Das Pferd inspiriert Besucher zu Geschichten

Am Ende soll aus den Entdeckungen ein Pferdequartett mit 24 Spielkarten für das Stadtmuseum werden. Das Kartenspiel wird aber nicht am Tisch gespielt, sondern vor Ort, denn es soll historisch Interessierte zu den tierischen Sehenswürdigkeiten locken. Maric hat die Aufgabe, die vielen Geschichten und Assoziationen, die die Workshopteilnehmer aus Serbien an den diversen Pferdestellplätzen ersonnen haben, aufzuschreiben und daraus ein Buch zu machen, welches das Quartett ergänzt.

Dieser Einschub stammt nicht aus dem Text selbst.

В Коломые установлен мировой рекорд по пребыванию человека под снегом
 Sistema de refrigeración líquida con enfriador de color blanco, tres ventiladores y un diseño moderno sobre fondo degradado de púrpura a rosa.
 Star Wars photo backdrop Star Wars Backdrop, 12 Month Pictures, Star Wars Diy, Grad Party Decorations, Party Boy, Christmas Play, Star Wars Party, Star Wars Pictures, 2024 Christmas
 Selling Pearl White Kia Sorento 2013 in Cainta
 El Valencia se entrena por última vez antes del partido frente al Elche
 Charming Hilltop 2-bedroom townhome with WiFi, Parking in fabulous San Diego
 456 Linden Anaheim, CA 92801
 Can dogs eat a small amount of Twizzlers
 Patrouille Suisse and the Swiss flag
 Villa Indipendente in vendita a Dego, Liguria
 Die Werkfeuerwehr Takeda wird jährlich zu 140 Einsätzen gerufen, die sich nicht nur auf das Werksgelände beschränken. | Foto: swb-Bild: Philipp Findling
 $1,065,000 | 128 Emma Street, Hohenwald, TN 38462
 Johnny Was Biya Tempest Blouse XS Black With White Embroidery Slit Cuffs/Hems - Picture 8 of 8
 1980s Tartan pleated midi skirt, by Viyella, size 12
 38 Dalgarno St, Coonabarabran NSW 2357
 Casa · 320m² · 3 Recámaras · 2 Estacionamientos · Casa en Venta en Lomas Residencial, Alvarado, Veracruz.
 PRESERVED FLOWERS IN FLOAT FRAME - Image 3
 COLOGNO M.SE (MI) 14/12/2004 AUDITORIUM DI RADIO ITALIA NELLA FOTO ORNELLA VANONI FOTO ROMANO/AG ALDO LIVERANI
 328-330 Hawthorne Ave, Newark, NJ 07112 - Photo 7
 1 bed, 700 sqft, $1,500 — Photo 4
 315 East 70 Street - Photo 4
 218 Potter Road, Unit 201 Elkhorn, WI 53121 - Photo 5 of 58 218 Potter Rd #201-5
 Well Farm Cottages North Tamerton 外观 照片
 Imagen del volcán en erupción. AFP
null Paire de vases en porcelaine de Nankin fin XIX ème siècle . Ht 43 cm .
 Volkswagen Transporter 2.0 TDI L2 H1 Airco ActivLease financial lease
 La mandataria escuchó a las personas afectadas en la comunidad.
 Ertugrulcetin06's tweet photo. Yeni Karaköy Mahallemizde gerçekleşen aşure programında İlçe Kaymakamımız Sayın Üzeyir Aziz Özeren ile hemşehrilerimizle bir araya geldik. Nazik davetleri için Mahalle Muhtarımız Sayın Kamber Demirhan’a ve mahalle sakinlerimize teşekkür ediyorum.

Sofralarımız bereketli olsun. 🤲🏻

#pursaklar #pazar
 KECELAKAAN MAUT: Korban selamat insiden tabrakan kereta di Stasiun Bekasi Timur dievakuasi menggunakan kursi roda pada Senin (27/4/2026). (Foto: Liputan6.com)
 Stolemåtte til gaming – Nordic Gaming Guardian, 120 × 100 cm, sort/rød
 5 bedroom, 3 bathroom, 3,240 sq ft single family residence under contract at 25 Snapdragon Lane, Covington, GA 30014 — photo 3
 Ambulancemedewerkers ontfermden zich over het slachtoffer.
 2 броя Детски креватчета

„Wir hatten zum Beispiel einmal eine Zehnjährige dabei, die zu jedem Pferd eine eigene Geschichte geschrieben hat“, erzählt Tina Saum. Wie selbstverständlich kommen alle Teilnehmer über die Pferde zu Themen aus der Stadtgeschichte. Nicht immer sind die Dinge so leicht zu erschließen wie am Postplatzbrunnen an der Calwer Straße. Dort stand die erste Stuttgarter Post und den Brunnen ziert eine goldene Stute mit Fohlen. Für Workshopteilnehmer Dragan Jakovljevic ist das goldene Relief mit dem nuckelnden Fohlen ein Sinnbild für den Neubeginn. Der Ort aber, an dem es steht, ist für jedoch ein Symbol des Untergangs, nämlich des Briefes auf Papier. Jakovljevic sinniert über die Veränderungen in seinem Briefkasten. „Leider werden heute kaum noch Briefe geschrieben. Die Post hat an Wert verloren“, überlegt er, und Tina Saum erklärt, dass die Stute mit Fohlen das ursprüngliche Symbol für Stuten-garten war. „Dann aber fand man, dass ein sich aufbäumendes Pferd repräsentativer ist“, sagt sie schmunzelnd. Tatsächlich aber sei es heute nicht mehr sicher, ob das Gestüt Stuotgarten wirklich der Namensgeber Stuttgarts war. „Das ist fast schon Legendenbildung“, merkt Miriam Höller an. Eventuell kommt „Stuttgart“ von „Stockgarten“, was soviel bedeutet wie Wengert.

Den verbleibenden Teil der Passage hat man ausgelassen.